Homem de terno caminhando ao redor de mesa de reunião com cadeiras e laptop em sala iluminada por janelas grandes.

O lugar que você escolhe à mesa pode dar pistas sobre como você se enxerga no trabalho, como lida com poder e de que forma enfrenta conflitos. Na hora, quase nunca parece uma decisão calculada - ainda assim, psicólogos e especialistas em comunicação concordam que nossos padrões de assento revelam muito sobre o papel que assumimos (às vezes sem perceber) no escritório.

Como o seu lugar influencia seu papel em uma reunião

Em muitas organizações, o cargo define a autoridade no papel. Só que, em volta de uma mesa de reunião, a dinâmica pode se inverter: alguém mais júnior pode conduzir o debate, enquanto uma diretoria pode ficar apagada. Um dos fatores que ajuda a explicar isso é simples: onde cada pessoa se senta.

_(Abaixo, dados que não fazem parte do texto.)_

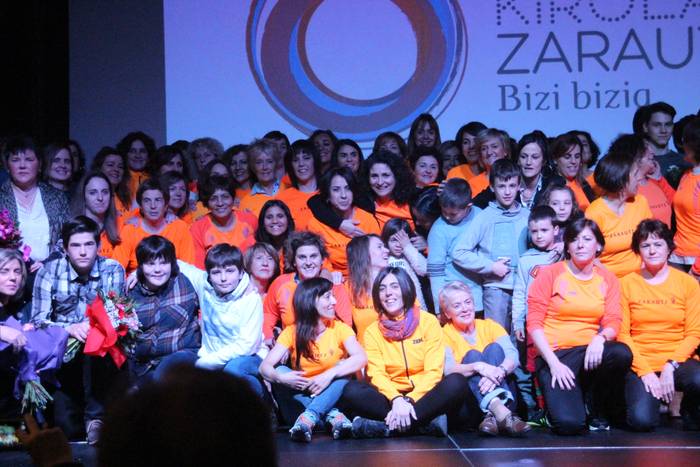 Zarauzko Kirol Sariak emango dituzte hurrengo ostegunean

"Em uma mesa de reunião, a cadeira que você escolhe funciona como um crachá não verbal: líder, aliado, rival ou pacificador."

Profissionais de comunicação costumam falar no “assento de poder” e no “ponto focal”. São posições que atraem olhares de maneira natural, enquanto outras cadeiras transmitem sinais de apoio, discrição ou neutralidade.

O assento de poder: onde a liderança costuma se sentar

Em geral, a posição mais influente fica em uma das pontas da mesa - de preferência com visão para a porta. É o que muitos especialistas chamam de assento de poder.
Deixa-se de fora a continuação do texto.